• **Work to be completed**
What is needed here is an exact copy of all the data.

• **Data segment**
-- Opening Marker --
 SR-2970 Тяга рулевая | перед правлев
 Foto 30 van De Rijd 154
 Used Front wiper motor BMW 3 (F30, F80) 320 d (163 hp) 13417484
-- Closing Marker --
• **Output of the exercise**
 SR-2970 Тяга рулевая | перед правлев
 Foto 30 van De Rijd 154
 Used Front wiper motor BMW 3 (F30, F80) 320 d (163 hp) 13417484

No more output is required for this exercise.